### [What this task involves]
Work through the records that follow and return each line containing the word "Property".

....

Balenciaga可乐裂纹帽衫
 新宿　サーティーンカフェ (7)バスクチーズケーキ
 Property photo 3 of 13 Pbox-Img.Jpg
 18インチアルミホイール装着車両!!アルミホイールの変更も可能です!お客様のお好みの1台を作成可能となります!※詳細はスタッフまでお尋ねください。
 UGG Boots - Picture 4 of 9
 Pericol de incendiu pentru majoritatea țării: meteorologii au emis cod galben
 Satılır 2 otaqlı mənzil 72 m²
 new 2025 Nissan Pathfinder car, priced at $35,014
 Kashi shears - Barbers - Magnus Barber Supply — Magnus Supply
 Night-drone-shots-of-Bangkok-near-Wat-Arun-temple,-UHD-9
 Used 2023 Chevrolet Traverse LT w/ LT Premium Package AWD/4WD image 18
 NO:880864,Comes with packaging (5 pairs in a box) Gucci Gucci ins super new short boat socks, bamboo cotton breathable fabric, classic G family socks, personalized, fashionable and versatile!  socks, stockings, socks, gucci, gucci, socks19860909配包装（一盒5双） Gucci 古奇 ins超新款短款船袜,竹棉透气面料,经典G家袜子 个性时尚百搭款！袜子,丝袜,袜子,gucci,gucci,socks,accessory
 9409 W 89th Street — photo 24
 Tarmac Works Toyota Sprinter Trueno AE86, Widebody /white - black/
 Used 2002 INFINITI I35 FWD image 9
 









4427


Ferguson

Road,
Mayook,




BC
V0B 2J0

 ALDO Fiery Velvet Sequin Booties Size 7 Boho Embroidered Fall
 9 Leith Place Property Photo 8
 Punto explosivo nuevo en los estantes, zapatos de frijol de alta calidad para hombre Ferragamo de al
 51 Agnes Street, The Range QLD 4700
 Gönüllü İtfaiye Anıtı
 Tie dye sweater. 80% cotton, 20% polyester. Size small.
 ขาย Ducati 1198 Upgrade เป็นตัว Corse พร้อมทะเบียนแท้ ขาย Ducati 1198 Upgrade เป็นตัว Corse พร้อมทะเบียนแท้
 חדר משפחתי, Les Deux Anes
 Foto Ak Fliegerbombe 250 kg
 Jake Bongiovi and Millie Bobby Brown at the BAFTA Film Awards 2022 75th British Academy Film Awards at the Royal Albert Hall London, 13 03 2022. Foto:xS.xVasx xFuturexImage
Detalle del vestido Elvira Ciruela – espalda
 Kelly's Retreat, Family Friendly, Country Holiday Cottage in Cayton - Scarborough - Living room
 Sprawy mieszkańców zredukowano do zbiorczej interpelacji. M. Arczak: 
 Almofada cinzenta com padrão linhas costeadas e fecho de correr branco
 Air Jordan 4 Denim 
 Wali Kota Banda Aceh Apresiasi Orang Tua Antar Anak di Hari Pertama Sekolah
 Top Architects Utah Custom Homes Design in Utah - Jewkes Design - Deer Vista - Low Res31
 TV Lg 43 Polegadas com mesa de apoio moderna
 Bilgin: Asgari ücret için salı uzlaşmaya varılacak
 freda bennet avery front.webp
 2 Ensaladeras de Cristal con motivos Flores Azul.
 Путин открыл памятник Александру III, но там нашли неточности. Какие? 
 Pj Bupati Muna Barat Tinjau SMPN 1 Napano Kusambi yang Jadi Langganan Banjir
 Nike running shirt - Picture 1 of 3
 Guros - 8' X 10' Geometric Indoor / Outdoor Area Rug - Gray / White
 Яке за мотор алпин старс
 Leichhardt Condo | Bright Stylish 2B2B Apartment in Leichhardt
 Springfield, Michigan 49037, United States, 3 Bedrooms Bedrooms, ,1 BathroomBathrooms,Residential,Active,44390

....

### [Response below]
 Property photo 3 of 13 Pbox-Img.Jpg
 9 Leith Place Property Photo 8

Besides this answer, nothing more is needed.